The FCA intends to limit the ability of shareholders with enhanced voting rights to influence a vote that might harm the rights and benefits enjoyed by the general listed class of shares. As a result, voting of the shares with enhanced rights will not be permitted on matters that might potentially be damaging to minority shareholders, such as approval of a cancellation of listing or transfer to another listing category, approval of employee share schemes and incentive plans, approvals of discounts above 10% in respect of certain equity raising transactions, and dealings by the issuer in its own securities and shares.

Sovereign controlled commercial companies

Since 2018, sovereign controlled commercial companies have been able to list shares and global depositary receipts in a separate premium listing segment without being required to comply with certain requirements that would apply to non-sovereign controlled commercial companies with a premium listing. So far, no companies have been listed in London under this regime. The FCA proposes to discontinue the sovereign controlled commercial companies category, meaning that shares in sovereign controlled commercial companies will now be listed in the commercial companies category, subject to specific disapplications of certain requirements relating to control and ownership including:

  • removal of the requirement for the sovereign controlled company to carry on its main business activity independently from the sovereign controlling shareholder; and
  • disapplication of the requirement for a 'fair and reasonable' statement from a sponsor in respect of a related party transaction (see our recent publication on proposed FCA reforms to significant and related party transactions) with the sovereign controlling shareholder, or for any director who is the sovereign controlling shareholder (or is affiliated with them) to recuse themselves from the board's consideration of such a related party transaction.

Sovereign controlled commercial companies wishing to list global depositary receipts will do so through the new category for certificates representing securities.

Conclusion

The FCA has been careful to strike a balance in proposing far-reaching reforms to promote the growth and competitiveness of London's capital markets while ensuring the reforms are proportionate, effective and provide adequate protection for investors. The FCA acknowledges that the Listing Rules reforms alone are unlikely to increase London's attractiveness as a capital markets and financial services hub. Therefore, access to a stronger UK investor base, increasing liquidity in UK capital markets, closing valuation gaps for UK listed companies, improving UK equity research coverage, revisiting stamp duty on share transfers, and changing UK investor attitudes toward executive remuneration will be necessary.

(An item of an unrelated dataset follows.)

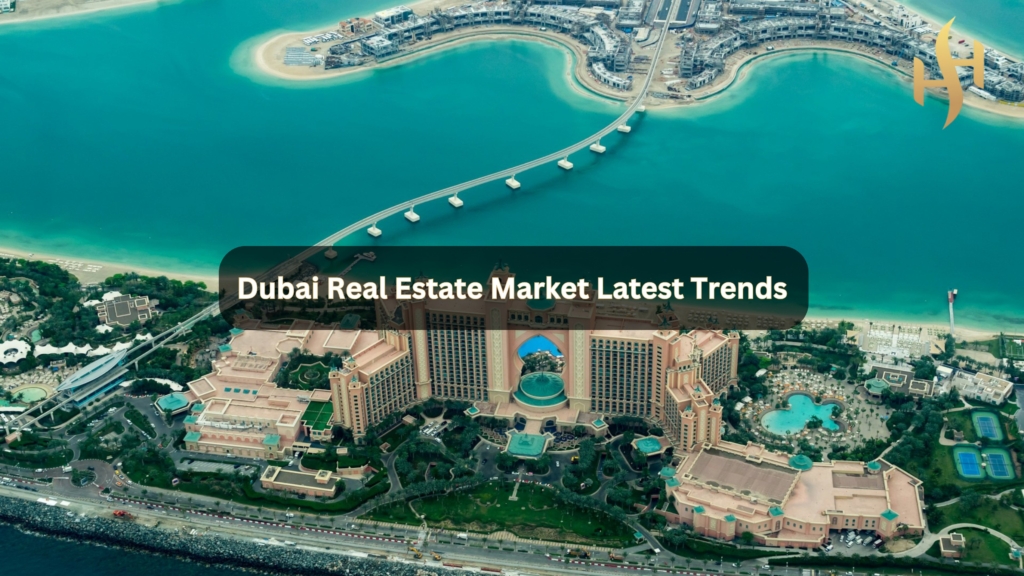 Dubai Real Estate Market Latest Trends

A link to the Consultation Paper (which includes a draft of the first tranche of the new UK Listing Rules sourcebook) can be found here. The consultation closes on 22 March 2024, and the FCA intends to publish the final UK Listing Rules sourcebook via a Policy Statement at the start of the second half of 2024, with a brief period of two weeks before implementation.

Footnote

1. Jay Ritter, Initial Public Offerings: Dual Class Structure of IPOs Through 2023.